=== Task prompt ===
The lines to repeat are those below from the one containing "Laundry Basket, Laundry" down to the one containing "T-shirt Route des", both included; reproduce them exactly and nothing else.
Start of Given records
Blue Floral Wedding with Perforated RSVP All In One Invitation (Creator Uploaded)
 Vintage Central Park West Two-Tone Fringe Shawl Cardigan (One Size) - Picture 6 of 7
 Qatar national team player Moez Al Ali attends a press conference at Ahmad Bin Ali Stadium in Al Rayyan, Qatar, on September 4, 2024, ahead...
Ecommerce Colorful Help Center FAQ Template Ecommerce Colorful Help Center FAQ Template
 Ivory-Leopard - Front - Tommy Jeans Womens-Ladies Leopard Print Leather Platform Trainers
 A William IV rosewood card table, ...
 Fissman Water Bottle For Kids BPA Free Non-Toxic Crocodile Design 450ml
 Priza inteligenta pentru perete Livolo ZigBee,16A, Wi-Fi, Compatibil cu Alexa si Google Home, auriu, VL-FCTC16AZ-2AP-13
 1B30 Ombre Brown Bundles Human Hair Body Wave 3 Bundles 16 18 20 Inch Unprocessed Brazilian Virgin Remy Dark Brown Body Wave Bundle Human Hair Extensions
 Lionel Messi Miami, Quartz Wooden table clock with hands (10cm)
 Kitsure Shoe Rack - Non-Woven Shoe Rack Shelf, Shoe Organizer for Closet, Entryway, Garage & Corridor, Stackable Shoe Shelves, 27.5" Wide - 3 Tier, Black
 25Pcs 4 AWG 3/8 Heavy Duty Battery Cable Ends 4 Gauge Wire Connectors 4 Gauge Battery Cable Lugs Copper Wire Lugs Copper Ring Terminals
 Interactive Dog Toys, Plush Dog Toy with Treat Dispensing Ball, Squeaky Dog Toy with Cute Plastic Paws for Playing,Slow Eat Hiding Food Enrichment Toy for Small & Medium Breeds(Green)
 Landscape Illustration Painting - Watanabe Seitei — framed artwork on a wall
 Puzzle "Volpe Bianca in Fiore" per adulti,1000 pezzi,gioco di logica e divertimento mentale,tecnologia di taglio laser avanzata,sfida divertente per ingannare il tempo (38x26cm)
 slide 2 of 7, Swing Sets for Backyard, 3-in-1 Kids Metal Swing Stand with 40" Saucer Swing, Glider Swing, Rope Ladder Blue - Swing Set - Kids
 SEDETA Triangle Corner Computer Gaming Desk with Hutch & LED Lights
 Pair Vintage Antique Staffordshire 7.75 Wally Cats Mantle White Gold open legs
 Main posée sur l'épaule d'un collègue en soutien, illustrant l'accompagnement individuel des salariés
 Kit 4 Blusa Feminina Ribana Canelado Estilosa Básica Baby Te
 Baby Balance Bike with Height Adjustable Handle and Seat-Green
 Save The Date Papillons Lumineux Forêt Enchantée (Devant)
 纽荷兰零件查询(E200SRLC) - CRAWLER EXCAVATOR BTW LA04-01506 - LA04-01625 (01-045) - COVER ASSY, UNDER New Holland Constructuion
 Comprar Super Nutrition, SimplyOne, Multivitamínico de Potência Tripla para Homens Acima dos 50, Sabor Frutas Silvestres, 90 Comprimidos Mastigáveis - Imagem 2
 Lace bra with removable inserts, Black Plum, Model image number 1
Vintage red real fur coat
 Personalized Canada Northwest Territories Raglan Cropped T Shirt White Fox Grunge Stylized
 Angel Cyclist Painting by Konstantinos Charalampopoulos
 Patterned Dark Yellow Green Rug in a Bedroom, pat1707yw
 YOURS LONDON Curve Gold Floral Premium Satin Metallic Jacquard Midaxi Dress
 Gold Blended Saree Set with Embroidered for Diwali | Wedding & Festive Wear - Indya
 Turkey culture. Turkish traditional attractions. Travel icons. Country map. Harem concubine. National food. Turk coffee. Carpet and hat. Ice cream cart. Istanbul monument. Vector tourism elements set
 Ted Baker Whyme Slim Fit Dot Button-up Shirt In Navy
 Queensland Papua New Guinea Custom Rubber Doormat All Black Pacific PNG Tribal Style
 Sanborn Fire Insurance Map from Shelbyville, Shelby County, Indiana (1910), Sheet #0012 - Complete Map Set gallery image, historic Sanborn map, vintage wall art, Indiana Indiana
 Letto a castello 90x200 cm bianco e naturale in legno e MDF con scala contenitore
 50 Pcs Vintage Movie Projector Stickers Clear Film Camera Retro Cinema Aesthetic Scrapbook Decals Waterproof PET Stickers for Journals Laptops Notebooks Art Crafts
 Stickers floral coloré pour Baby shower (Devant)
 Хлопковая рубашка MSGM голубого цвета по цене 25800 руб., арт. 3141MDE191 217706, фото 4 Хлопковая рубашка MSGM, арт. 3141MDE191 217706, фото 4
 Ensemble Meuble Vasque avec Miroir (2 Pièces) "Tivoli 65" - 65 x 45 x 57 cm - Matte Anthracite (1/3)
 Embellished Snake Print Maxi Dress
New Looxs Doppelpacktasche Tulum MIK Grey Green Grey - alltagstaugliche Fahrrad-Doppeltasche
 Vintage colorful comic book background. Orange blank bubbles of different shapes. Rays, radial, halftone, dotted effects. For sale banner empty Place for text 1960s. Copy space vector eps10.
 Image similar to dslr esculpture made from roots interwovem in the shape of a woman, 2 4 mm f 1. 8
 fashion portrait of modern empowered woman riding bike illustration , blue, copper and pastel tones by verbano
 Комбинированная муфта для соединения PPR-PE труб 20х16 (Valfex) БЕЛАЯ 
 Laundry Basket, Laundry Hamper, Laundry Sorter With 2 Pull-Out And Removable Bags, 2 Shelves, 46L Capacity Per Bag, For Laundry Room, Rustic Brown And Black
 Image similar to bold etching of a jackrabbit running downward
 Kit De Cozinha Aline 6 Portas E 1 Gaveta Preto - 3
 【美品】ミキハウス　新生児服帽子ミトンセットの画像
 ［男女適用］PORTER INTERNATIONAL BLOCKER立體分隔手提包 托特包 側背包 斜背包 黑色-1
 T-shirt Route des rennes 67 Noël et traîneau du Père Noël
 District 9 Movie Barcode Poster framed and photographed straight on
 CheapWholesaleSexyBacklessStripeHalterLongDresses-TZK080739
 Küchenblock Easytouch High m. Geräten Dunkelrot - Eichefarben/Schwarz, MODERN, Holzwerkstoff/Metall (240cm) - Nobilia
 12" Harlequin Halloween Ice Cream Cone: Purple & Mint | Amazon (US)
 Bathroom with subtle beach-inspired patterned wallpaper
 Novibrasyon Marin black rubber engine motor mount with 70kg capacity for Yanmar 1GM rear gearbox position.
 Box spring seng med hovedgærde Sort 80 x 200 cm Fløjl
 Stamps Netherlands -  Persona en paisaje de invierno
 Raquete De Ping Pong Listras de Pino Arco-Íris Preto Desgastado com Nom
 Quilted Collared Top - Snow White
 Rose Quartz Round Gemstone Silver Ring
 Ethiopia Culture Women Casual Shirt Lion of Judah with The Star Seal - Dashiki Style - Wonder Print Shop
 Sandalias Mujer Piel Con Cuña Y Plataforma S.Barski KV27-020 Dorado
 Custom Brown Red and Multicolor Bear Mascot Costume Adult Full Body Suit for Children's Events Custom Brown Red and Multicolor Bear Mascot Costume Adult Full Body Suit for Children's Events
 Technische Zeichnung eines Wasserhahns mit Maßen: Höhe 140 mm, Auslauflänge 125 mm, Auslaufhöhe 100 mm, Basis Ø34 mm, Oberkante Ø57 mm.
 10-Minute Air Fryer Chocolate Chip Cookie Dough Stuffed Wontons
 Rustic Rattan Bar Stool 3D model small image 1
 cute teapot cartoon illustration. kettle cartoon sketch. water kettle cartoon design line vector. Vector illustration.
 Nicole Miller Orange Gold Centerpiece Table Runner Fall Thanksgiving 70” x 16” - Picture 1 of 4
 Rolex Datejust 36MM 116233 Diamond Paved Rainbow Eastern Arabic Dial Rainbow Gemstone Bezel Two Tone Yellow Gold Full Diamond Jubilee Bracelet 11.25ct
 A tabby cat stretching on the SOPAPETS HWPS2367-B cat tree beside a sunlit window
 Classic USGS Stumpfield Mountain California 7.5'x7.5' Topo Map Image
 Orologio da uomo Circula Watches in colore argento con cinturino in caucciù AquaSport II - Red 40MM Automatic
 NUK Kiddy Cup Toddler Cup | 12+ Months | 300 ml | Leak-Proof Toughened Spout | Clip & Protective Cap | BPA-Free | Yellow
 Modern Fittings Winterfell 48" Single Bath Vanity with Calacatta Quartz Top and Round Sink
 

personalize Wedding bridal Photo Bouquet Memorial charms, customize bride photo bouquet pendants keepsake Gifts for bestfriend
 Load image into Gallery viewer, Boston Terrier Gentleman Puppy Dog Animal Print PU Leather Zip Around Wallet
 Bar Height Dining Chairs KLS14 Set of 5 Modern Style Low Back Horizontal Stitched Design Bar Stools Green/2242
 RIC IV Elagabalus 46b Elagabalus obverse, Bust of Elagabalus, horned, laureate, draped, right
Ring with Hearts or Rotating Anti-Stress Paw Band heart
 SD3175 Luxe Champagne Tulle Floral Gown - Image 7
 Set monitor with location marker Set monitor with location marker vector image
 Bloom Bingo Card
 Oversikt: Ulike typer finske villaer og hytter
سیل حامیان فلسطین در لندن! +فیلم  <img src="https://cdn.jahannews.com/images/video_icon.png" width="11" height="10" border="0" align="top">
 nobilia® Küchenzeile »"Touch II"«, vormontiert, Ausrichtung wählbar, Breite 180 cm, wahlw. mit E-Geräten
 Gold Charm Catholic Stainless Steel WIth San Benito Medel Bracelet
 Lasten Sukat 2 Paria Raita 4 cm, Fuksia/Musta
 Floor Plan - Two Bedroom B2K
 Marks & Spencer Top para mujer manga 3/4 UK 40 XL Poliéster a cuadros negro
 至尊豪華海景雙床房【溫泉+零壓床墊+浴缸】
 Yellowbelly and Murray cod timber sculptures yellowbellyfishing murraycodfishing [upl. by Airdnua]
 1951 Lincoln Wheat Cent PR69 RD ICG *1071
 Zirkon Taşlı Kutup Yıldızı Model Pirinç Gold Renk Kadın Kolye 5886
End of Given records
=== Solution for this task ===
 Laundry Basket, Laundry Hamper, Laundry Sorter With 2 Pull-Out And Removable Bags, 2 Shelves, 46L Capacity Per Bag, For Laundry Room, Rustic Brown And Black
 Image similar to bold etching of a jackrabbit running downward
 Kit De Cozinha Aline 6 Portas E 1 Gaveta Preto - 3
 【美品】ミキハウス　新生児服帽子ミトンセットの画像
 ［男女適用］PORTER INTERNATIONAL BLOCKER立體分隔手提包 托特包 側背包 斜背包 黑色-1
 T-shirt Route des rennes 67 Noël et traîneau du Père Noël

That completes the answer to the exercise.